People over 60 generally felt time moved slower, as did people who were dealing with higher levels of stress. Those with a lot of work piled on their plates felt the days sped up, and those OK with their current amount of socialization — which equates to quality, not quantity, as introverts can feel satisfied even with just one other person around — also said time moved quicker.
In the second study, the age factor disappeared, with more people across all ages likely to feel a slowdown, and depression also reared its head among those who felt the clock crawling.
While Ogden said the relationship between depression and feeling time slow is not new, it's not something typically experienced by wide swaths of the general population, and points to trouble.
"I think for me, what that's telling us — because depression didn't play a role in my first study — is probably that this is indicative of a real change in mental health," she said, noting there have been a plethora of other studies pointing to the pandemic increasing issues around mental health.
Tips, as time marches on
Despite the bright light of first people receiving the first doses of COVID-19 vaccines, the sad trombone that was 2020 will stretch on to 2021. But Ogden's research provides a few tools to navigate the situation at hand, with a key tip that connecting with other people is perhaps the most important.
"The take-home message I would have from my study is you really need to maximize your opportunities to engage with people around you.

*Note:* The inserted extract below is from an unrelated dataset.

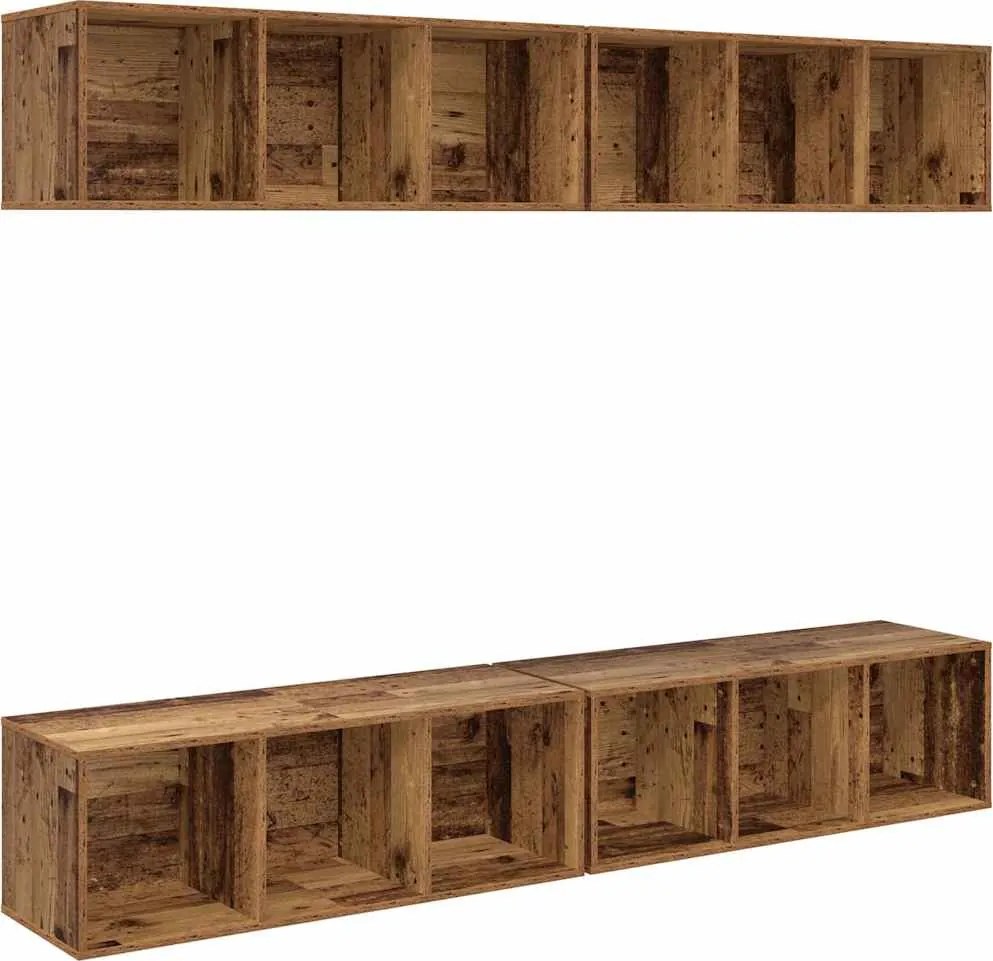 vidaXL TV szekrény garnitúra 4 pcs Öreg fa 37 x 37 x 107 cm Faanyag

So you need to try and have as much meaningful social interaction as you possibly can, whether this be face to face, or online, because this helps us to pass the time," she said.

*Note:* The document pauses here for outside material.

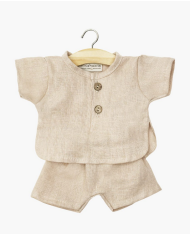 MINIKANE - Robe Daisy et son headband en lin - NOISETTE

While passing that time is important, particularly for the most isolated, lonely and vulnerable among us, the end goal of our time on Earth is not simply to make it speed up. To that end, Ogden hopes the collective realization that we can play an active role in squeezing or stretching our sense time stays with us, long after the pandemic ends.
"I think that probably for me, what this has brought home to us, and what I hope it's brought home to other people is we can potentially live our lives in different ways, and we can try from this period to utilize the things that make our lives better for us," she said.
If that sentence makes your brain hurt, a simple translation: seize the day, whatever your version of "day" has become. Dwell on the spark of connecting for a FaceTime hello, instead of the punch of sadness when the call ends. Open the window you've been staring out of, to smell the air outside.
And if that strikes you as tough, well — you have lots of time to mull it over in the days (weeks? months?) ahead.